The Audacity Of Running For President Without Knowing Any Economics

Barack Obama said last week, in reference to the large bonuses paid to Jaime Dimon of JP Morgan Chase and Lloyd Blankfein of Goldman Sachs that:

“I know both those guys; they are very savvy businessmen... I, like most of the American people, don’t begrudge people success or wealth. That is part of the free-market system.”

He also said:

“There are some baseball players who are making more than that and don’t get to the World Series either, so I’m shocked by that as well.”

Well, our president obviously does not know what a free-market system is, but he ought to know at least this: We don't have one.

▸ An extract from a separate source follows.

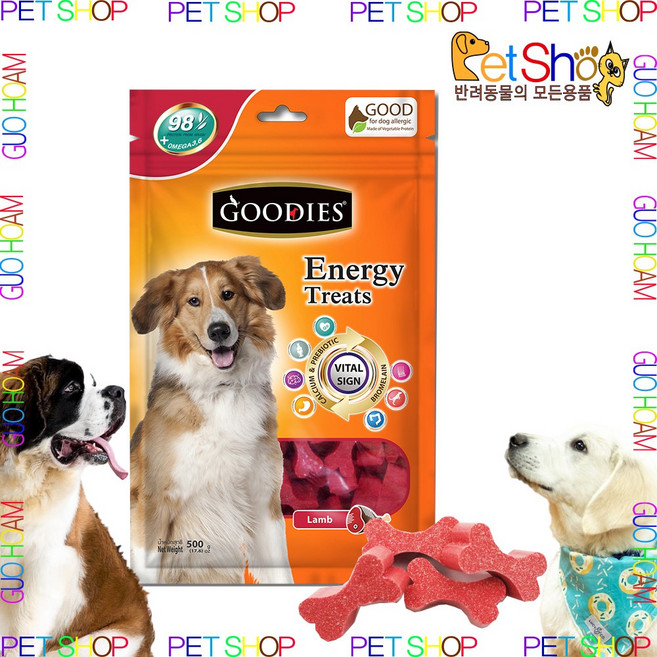 Pet Shop(반려동물의 모든용품) 구디즈 강아지 오메가 셀룰로오스 브로멜라인 20가지 에너지 보충 간식 트릿, 2개, 500g, 양고기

Not in banking anyway - the market for banking services in the U.S. is just about the least free of all markets that we have. There are no bailouts in a free market.

These two men, far from being successful businessmen, are among the primary beneficiaries of anti-free market policies. They have not earned their money by being good bankers, but by effective lobbying. They are good at convincing powerful people that they deserve wealth that other people have earned. In fact, they have destroyed wealth and, in a free-market system, would earn no more than a subsistence wage.

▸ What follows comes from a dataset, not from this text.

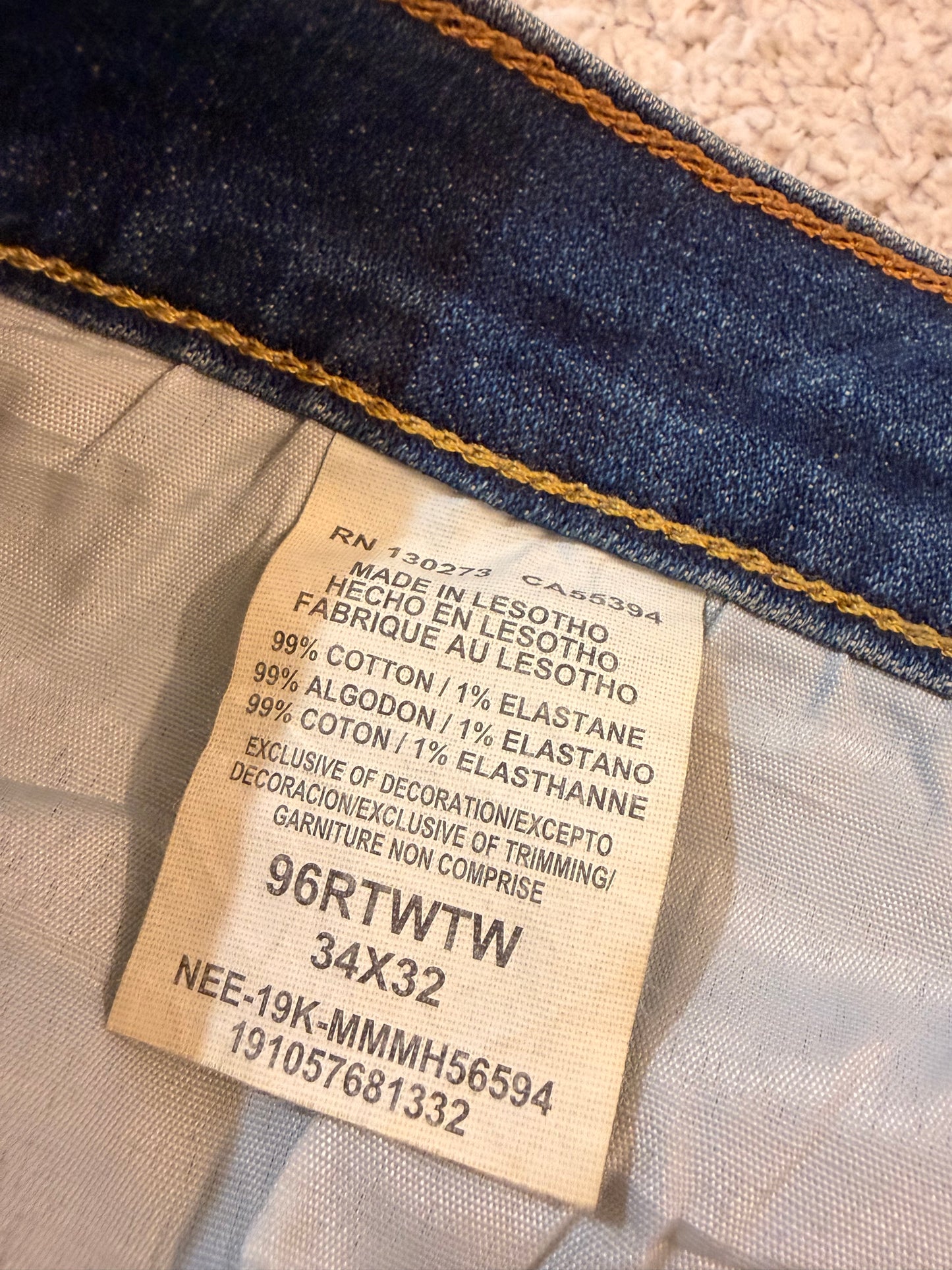 Jean Wrangler Premium Quality Bleu Foncé Stretch Regular Taper – Taille W34 L32 | Seconde Main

Economic activity is all about production and trade. What we produce can be consumed or saved. What we save can sit idle or be used to produce things for future consumption. When we use savings for the latter it is called investment. Savings (also called wealth) is really just an uncertain claim on future consumption. It is uncertain because an investment may or may not work out well. For example, building a house that no one wants to live in is an investment with a negative return; making a small machine that can store and play thousands of songs that is consumed by millions of people has a positive return.

The role of bankers is an important one in any economy, but it is often performed quite poorly. Actually, the role of a banker is simple - he is the middleman between savers and investors. Savers are not necessarily good at producing things that can be consumed in the future, so they take their money to a banker. In theory, the banker knows people who are good at producing. They make a deal that gives the investors access to the savers' resources and all three share the proceeds in some way that they agree to among themselves.

Now, some of these investments fail and some succeed, but in a free market, we can expect that, on average, they will have a positive return. This is true, not because the group of bankers and investors are inherently skilled, but because those who are not skilled will fail and move into other professions. An investor who consistently has negative returns will eventually lose the trust of the bankers and lose access to the resources of savers; a banker who consistently funnels money to failed enterprises will lose savers as customers.

But this process of weeding out incompetent bankers only happens if the bankers must rely on their own success to make a living. If an outside entity, like the government, gives bankers an opportunity to continue banking after they have failed, the system falls apart.

Bailouts accomplish exactly that, and Goldman Sachs and JP Morgan Chase were among those at the front of the bailout line.